At the exhibit’s opening Thursday night, it was clear the relationship D’Amato formed with the subjects of this work. He gave all of his subjects VIP invites to the show as well as a copy of the book that accompanied the exhibit. As he mingled with friends and Columbia photography students past and present, he made sure his subjects were taken care of to the highest degree – thrilled more for them that they had a moment of fame rather than himself.
Doreka Bell, 21, and her family were an integral part of D’Amato’s series.
“He met my mother on the street and from there we became best friends,” Bell said as she looked upon “Darrielle and Dasia, 2012,” one of the photographs in the exhibit that featured Bell’s brother.
“He’s been supporting our family,” Bell said. “He’s like a father to me.”
Bell and her family members milled about the museum, with the others, glowing with excitement, proud to show the work they’ve been a part of.
D’Amato’s portraits are striking, large format prints that allow the viewers to be engulfed by the stories of the lives that are scattered throughout the museum.
“Couples by the Lake, 2011” is one of the larger prints in the exhibit, making the subjects seem almost life-sized. Caught almost-mid sentence, D’Amato captured a seemingly insignificant moment, yet it is a very intimate moment, a moment that shows how comfortable D’Amato’s subjects were with him.
“Easter Choir, Jackson Boulevard Community Church, 2011” features a group of children milling around and a young man, separated from the crowd slightly, looking straight at D’Amato and his camera. The boy is James William, now 16.
“I didn’t even know it was going to happen like this,” said James, thinking they had been brought to take pictures for the church, nothing more. “I was surprised, but I was happy.”

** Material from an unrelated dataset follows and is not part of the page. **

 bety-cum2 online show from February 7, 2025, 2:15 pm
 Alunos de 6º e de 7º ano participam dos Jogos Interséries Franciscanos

D’Amato’s photos heavily rely on light and shadow to tell the stories in his portraits, using the elements to highlight very specific parts of the photos to advance the narratives. The colors are soft and inviting, encouraging the viewer to be engulfed in the lives D’Amato has been able to so successfully share.
The portraits are offset with a few shots that illustrated the environment of his subjects. “Bedroom Door, Cabrini Green, 2007” and “634 West Division Street, Cabrini Green, 2006” show the living conditions on the nowdefunct housing projects. The shot of the bedroom door is a cropped shot of the door that reads like a collage project, filled with writing and half-torn pictures that suggest unkempt living.
“634 West Division Street, Cabrini Green, 2006” shows the projects in the midst of destruction, with the exterior wall missing and revealing the dilapidated units once behind the wall. Just beyond in the background sits the Hancock Building and the development of Downtown Chicago, a shocking juxtaposition just blocks away.
We Shall will be on-view at DPAM through Nov. 24. D’Amato and Harris will lead a guided tour of the exhibit and a gallery talk Nov. 2.